[R-G] Iran accuses US and Britain of provoking deadly tensions

Anthony Fenton fentona at shaw.ca
Sat Mar 18 23:42:44 MST 2006


Copyright 2006 Agence France Presse
All Rights Reserved
Data in Image
Agence France Presse -- English

March 18, 2006 Saturday 9:53 AM GMT

LENGTH: 451 words

HEADLINE: Iran accuses US and Britain of provoking deadly tensions

DATELINE: TEHRAN, March 18 2006

BODY:


Iran on Saturday accused the United States and Britain of provoking  
ethnic and religious tensions that led to the killing of 23 people in  
an ambush by Afghan bandits near Iran's border with Afghanistan.

"What is clear is that the United States and Britain are behind the  
events," Interior Minister Mostafa Pour-Mohammadi said according to  
the student news agency ISNA.

"According to our reports, US and British security chiefs met with  
rebel leaders and provoked them to commit such attacks."

The interior minister also accused the United States and Britain of  
involvement in the recent wave of unrest in the southwestern province  
of Khuzistan, which borders Iraq and is home to a large ethnic Arab  
minority.

Iranian officials said Friday that Afghan bandits with links to US  
and British security services had killed 22 people in Iran, but on  
Saturday raisd the death toll to 23.

Among those killed was Hossein Ali Nouri, the governor of Zahedan,  
who was first reported critically wounded and later died of his  
injuries, Iranian media said.

Police said "a group of armed bandits" crossed the Afghanistan border  
and ambushed "innocent people driving in their vehicles" between the  
border city of Zabol and Zahedan, the capital of Sistan-Baluchistan  
province.

According to some Iranian news agencies on Friday, Nouri and his  
deputy were shot several times in the chest and abdomen.
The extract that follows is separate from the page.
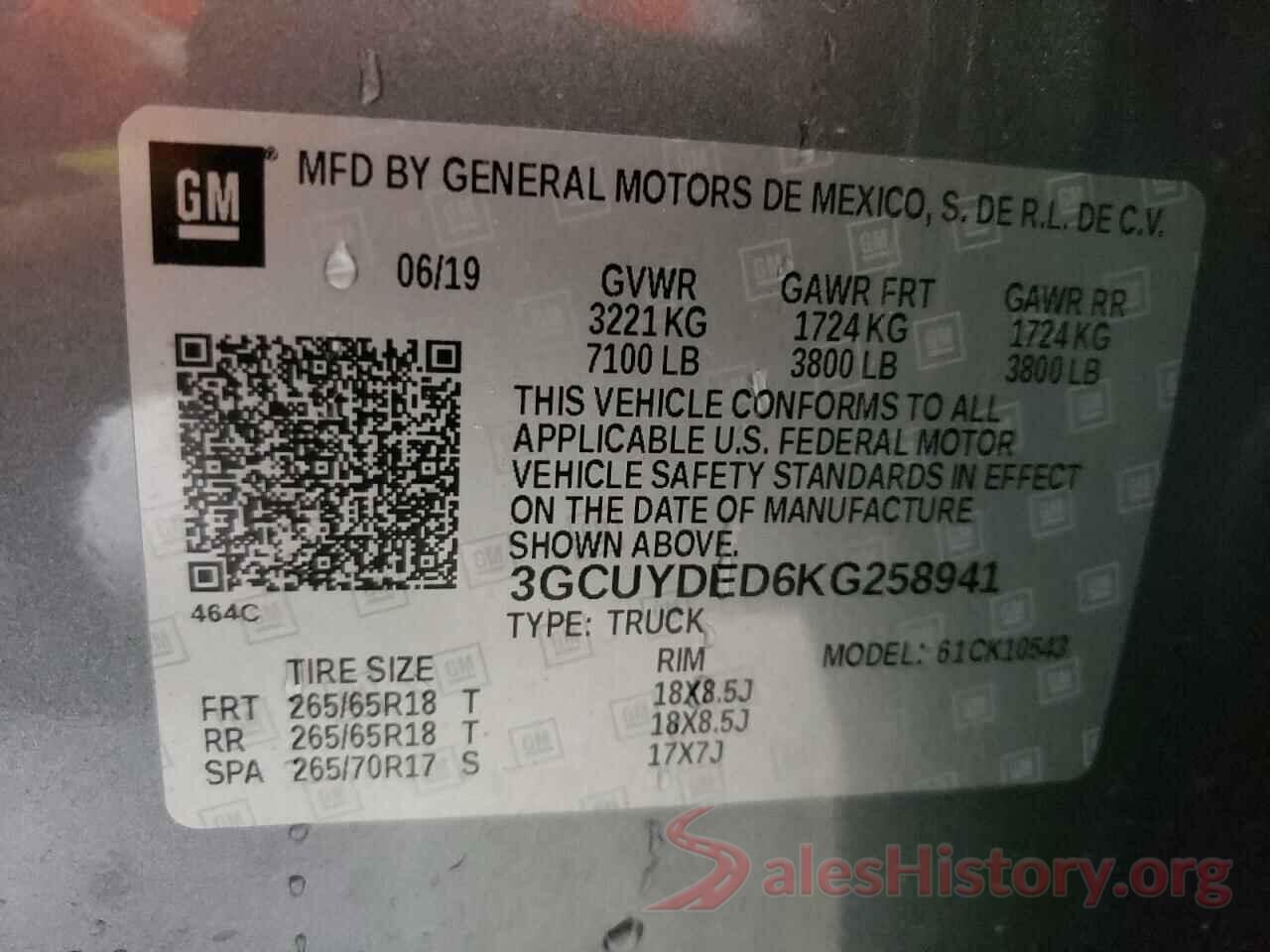 3GCUYDED6KG258941 2019 CHEVROLET SILVERADO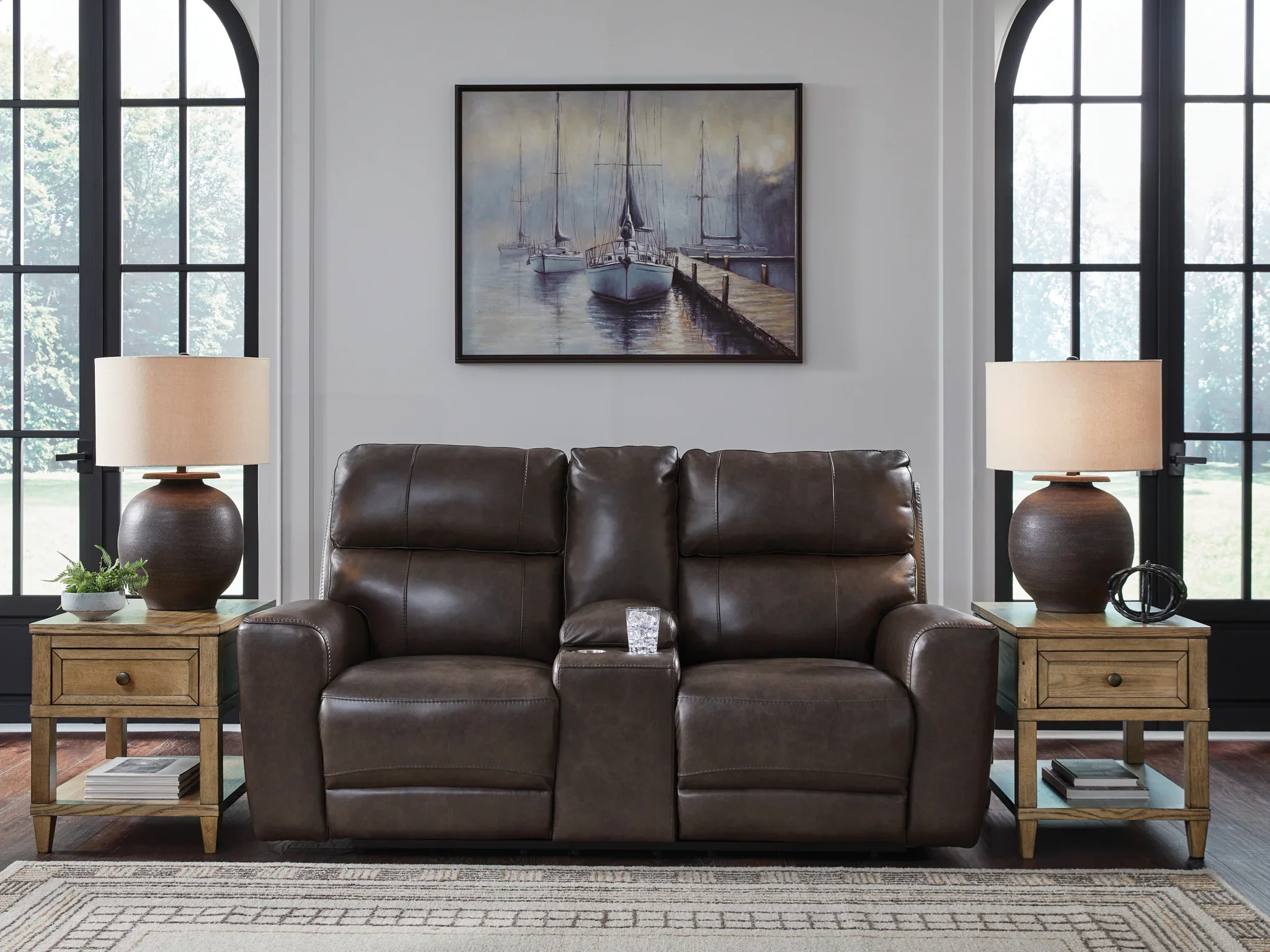 Crossplex - Smoke - Power Recline Loveseat / Console / Adjustable Headrest - Image 2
The officials were returning to Zahedan after attending a ceremony of  
war commanders in Zabol, the reports added.

Iran's police commander, Brigadier General Esmail Ahmadi-Moqaddam,  
told state television Friday: "We have information that the bandits  
in Sistan-Baluchistan area had some meetings with the British and the  
American security services.

"These services have dictated plans to the bandits on how to  
destabilise the area. They are trying to spread disputes between  
Shiites and Sunnis. This is a terrorist action against innocent  
civilians," he told reporters upon arriving at Zahedan's airport.

Ahmadi-Moqaddam said the bandits had killed Shiites, who were stopped  
at a mock checkpoint.

"There is the possibility that the bandits have escaped to  
Afghanistan since the area is close to the border," he added.

Sistan-Baluchistan, a mostly Sunni Muslim province in predominantly  
Shiite Iran, is notoriously lawless and is a key transit route for  
opium and other drugs from Afghanistan and Pakistan headed for Europe  
and the Gulf.

Three month ago, a group of Iranian soldiers was kidnapped near the  
border with Pakistan by a hardline Sunni Muslim group operating in  
the unruly border area. They were later released.

Iranian officials and media had initially said the kidnappers were  
bandits, drug traffickers or dissident tribesmen.